BSB opens door to alternatives to pupillage as it shakes up training courses


Fetherstonhaugh: Wary of proposals to deregulate matters such as class size

The Bar Standards Board (BSB) has decided that the 12-month period for work-based learning – pupillages and other formats that may develop – should remain but made changes to the way vocational and on-the-job training is delivered.

The BSB will also peg the minimum pupillage award – currently £12,000 – to figures from the Living Wage Foundation. These are just over £17,000 for London and £14,800 for the rest of the country this year.

The Bar Council has given a mixed response to the proposals.

In the final policy statement to come out of its Future Bar Training project, the BSB said “the presumed duration of pupillage and other forms of work-based learning will be a minimum of 12 months and no more than 24 months (or proportionately longer if undertaken part-time).”

For the vast majority this will continue to take the familiar form of pupillage “but we expect that new forms of delivery will emerge over time”, it said.

The regulator said it would allow self-employed barristers to supervise two pupils for the first time, one practising and one non-practising.

Employed barristers would likewise be allowed to supervise more than one pupil and possibly more than two, although this was not specified.

The BSB said it would continue to allow training providers other than the Inns of Court to train pupil supervisors and it would “prescribe outcomes” for the training.

Refresher courses would be required every five years, or three if no pupils had been supervised.

The BSB said all training organisations, including chambers, BSB entities and other organisations, would be asked to confirm whether they wanted to continue providing pupillages and, if so, would have apply to be authorised under a new framework.

A new curriculum and assessment strategy has been adopted which will introduce “important changes” to the vocational training of barristers, currently provided by the Bar professional training course (BPTC).

Current prescriptions in the way in which training organisations deliver it in areas such as formative assessments, class sizes, staff-to-student ratios, session design and delivery will be removed.
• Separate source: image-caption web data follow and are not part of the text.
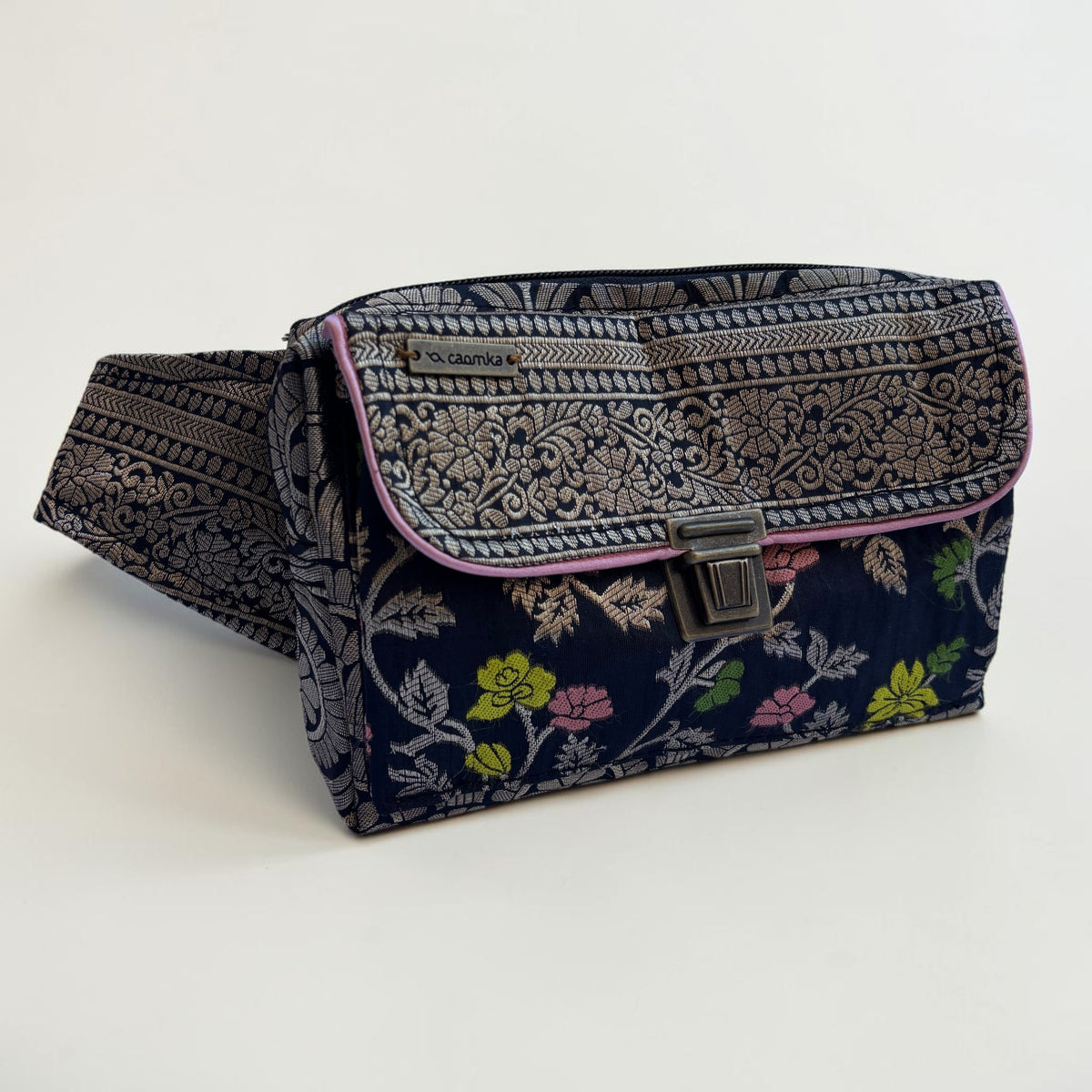 Riñonera Urban "Elegant India Flowers Top" · Pieza Única Núm. 19564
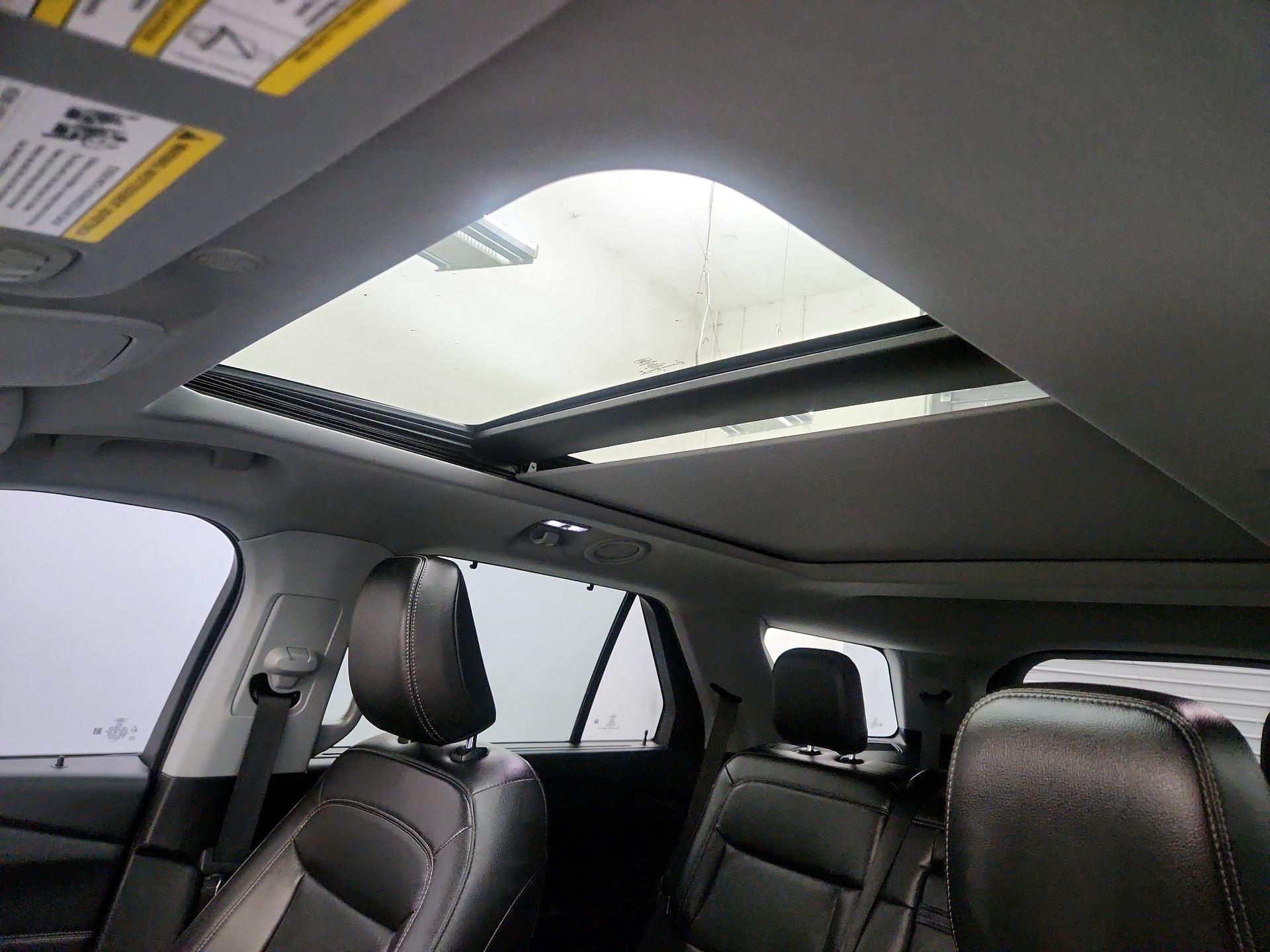 Thumbnail: 2021 Ford Explorer - 20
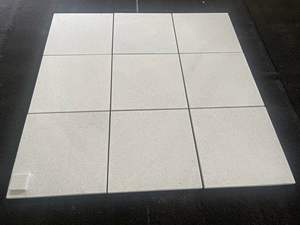 Adoquines <span class=keywords><strong>de</strong></span> piedra natural blanca <span class=keywords><strong>de</strong></span> <span class=keywords><strong>cristal</strong></span>, baldosas escalonadas <span class=keywords><strong>de</strong></span> arenisca martilladas con agua, adecuadas para proyectos <span class=keywords><strong>de</strong></span> jardín al aire libre - Product Image 2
To “increase affordability” for students, there will be no need to include options on the course, meaning training providers can offer “shorter courses if they wish”.

Civil litigation will be split into two papers, one a ‘closed book’ exam on civil litigation and evidence, the other an ‘open book’ exam on civil dispute resolution.

The number of sittings each year for centralised assessments will be increased from two to three, and candidates will be allowed an “unlimited number of attempts at each assessment” within five years, subject to the rules set by their training provider.

The current ‘very competent’ and ‘outstanding’ grade boundaries for centralised assessments will be removed, to focus the “outcome of a student’s performance on whether or not they have achieved the minimum threshold standard”.

The BSB also promised “significant changes” in professional ethics training for barristers.

There will be one assessment during vocational training and another “centrally set and marked examination during pupillage or work-based learning”.

The assessment during pupillage will be “an open book exam, undertaken during pupillage, thus better reflecting the real-life environment in which ethics must be adhered to during practice”.

Vocational training providers will be free to devise their own assessments, provided they were graded as ‘competent’ or ‘not competent’.

In further changes to the training of pupil barristers, the requirement to undertake courses in forensic accountancy and practice management will be dropped.

During the non-practising part of pupillage, there will be a new compulsory course on negotiation skills and the existing advocacy course will be opened up to providers other than the Inns.

The BSB said the earliest the changes to centralised assessments could come into force would be September 2020.

Ewen MacLeod, director of strategy and policy at the BSB, said the pupillage and training changes were an “important milestone” in the Future Bar Training programme.

Guy Fetherstonhaugh QC, chair of the Bar Council’s education and training committee, welcomed the 12-month limit on pupillages and “in principle” the decision that awards should not be less than the Living Wage, although he said the impact on pupil numbers should be monitored.

However, he criticised the decision to allow more than one pupil to be supervised at the same time and questioned the decision to open up advocacy training to providers outside the Inns of Court.

On changes to the BPTC, Mr Fetherstonhaugh said: “We are wary of the proposals to deregulate matters such as class size, at a time when personalised vocational training in small cohorts is viewed by the Bar as vitally important and we view with equal concern the proposal to allow unlimited applications for resits for up to five years – at a time when students taking the current BPTC have an unprecedentedly high failure rate.

“We welcome the fact that the Inns of Court are giving careful consideration to offering their own two-part BPTC training, as the Bar Council and the Council of the Inns of Court have advocated over the last two years.

“We hope that course will concentrate on providing talented Bar students from all backgrounds with the best possible vocational grounding.”